Через две недели тем же ровным почерком лейтенант Гейнц сообщает супруге: "Петербург окружен и голодает. Ежедневная норма хлеба составляет лишь 100 граммов. Мясо и масло давно кончились. У нас время есть, если сегодня не хотят сдаваться, то через четыре-шесть недель уж точно".

Он в полном восторге: "Гению фюрера все подвластно. Мы должны быть ему вечно благодарны".

Командование вермахта докладывало: "С помощью артиллерии и авиации мы разрушаем город, насколько это возможно".

Это была правда. С утра над нами летели на город бомбардировщики. Эскадрилья за эскадрильей. К полудню начинался обстрел, воздух наполнялся мягким шелестом снарядов, они пролетали невидимые, огромные, калибра 150, не меньше. В одни и те же часы, когда на улицах народу было больше, когда шли за водой, шли с работы.

"Иван постепенно смиреет, стреляет лишь изредка, его пища становится все хуже… Поляк и француз сдаются, когда их положение безвыходно. Англичанин бьется до самого конца, но русского же надо забивать до смерти".

Вермахт отлично знал, что происходит за кольцом блокады. Командование спокойно уничтожало голодом население. Наблюдали, ждали, пока вымрут. Голод был лучшим оружием.

Письмо в ноябре 1941 года: "После последней попытки прорыва русские заметно поутихли. Порция хлеба солдат сокращена до 400 граммов. Перебежчиков становится все больше. Но народ упрям и стоек, так пусть они там и умирают с голоду".

Декабрь 1941-го: "Когда город падет, несомненно, половина жителей вымрет".

Февраль 1942-го: "Хотя мы не рассчитывали на скорое падение Петербурга, эти сволочи сдаваться не намерены, но они вынуждены будут… медленно умирать от голода".

А через несколько дней: "Дорогая моя Ленекен! Ты хотела узнать, как нас кормят: каждый день 50 г. масла, 120 г. колбасы, 125 г. мяса, еще рис, горох, макароны. Кроме того, натуральный кофе, чай, шоколад, сигареты, консервированные фрукты, конфеты и другая вкуснятина".

В кожаных перчатках он наблюдал в полевой бинокль с позиции под Пушкином, и ему, и нам был виден на горизонте город, видно, как поднимались в небо черные столбы дыма, город выедали пожары.

"Погода стала более сносной, а Иван слабеет, на нашем участке резервов у него больше нет".

Действительно, у нас в батальоне на два километра осталось человек сто - сто двадцать, из них многие стали доходягами.

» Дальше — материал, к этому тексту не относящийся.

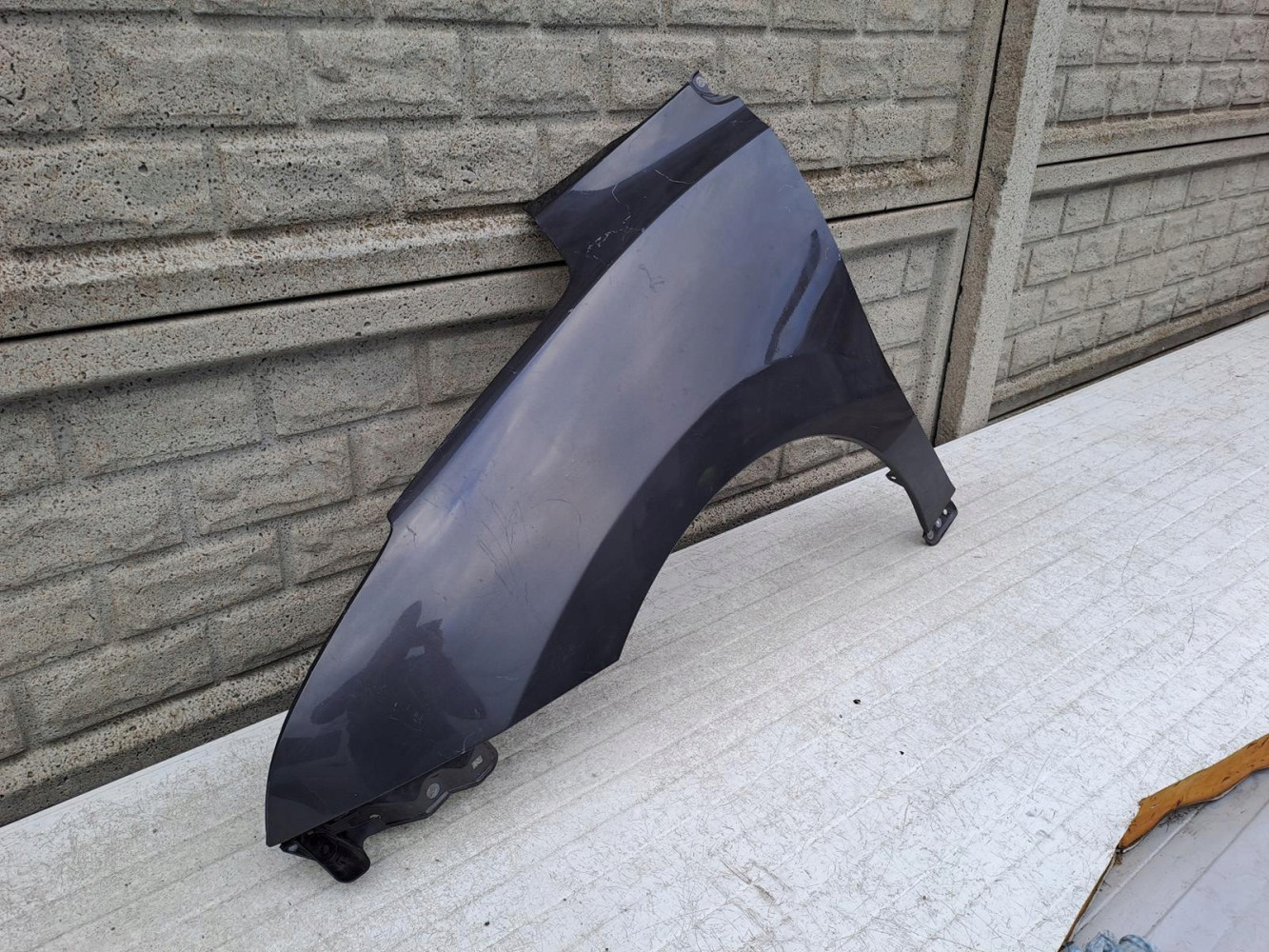 SUZUKI BALENO II 15-22 BŁOTNIK LEWY PRZEDNI - (12889886589)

Невозможно никому объяснить, как мы могли чистить окопы, ходы сообщения от снега, как несли службу, таскали пулеметы, патронные ящики, снаряды.

"Итак, дело идет к концу. Хотя мы не рассчитывали на скорое падение Ленинграда - эта сволочь сдаваться не намерена, - но они вынуждены будут оставить нас в покое и медленно умирать от голода. Через месяц начнется потепление, и тогда дело будет сделано. Постоянно с любовью думаю о тебе, моя хорошая Ленекен. Твой Гейнц".

Голодная смерть сотен тысяч горожан его не смущает, он ее торопит, скорей бы они передохли. Не все офицеры вермахта так настроены, командующему группой "Север" генерал-фельдмаршалу фон Леебу претит мысль, что он командует войсками, которые не столько воюют, сколько заняты "полицейской операцией" удушения гражданского населения. Он неоднократно признает это в своем дневнике. Кончается тем, что он подает в отставку.

Осмотрев выставку, гости собрались в зале, выслушали рассказ о концепции выставки, и затем произошло то, из-за чего я принялся за этот рассказ: выступила дочь покойного лейтенанта Гейнца Инге Франкен.

Он погиб 5 мая 1942 года от ранения в голову.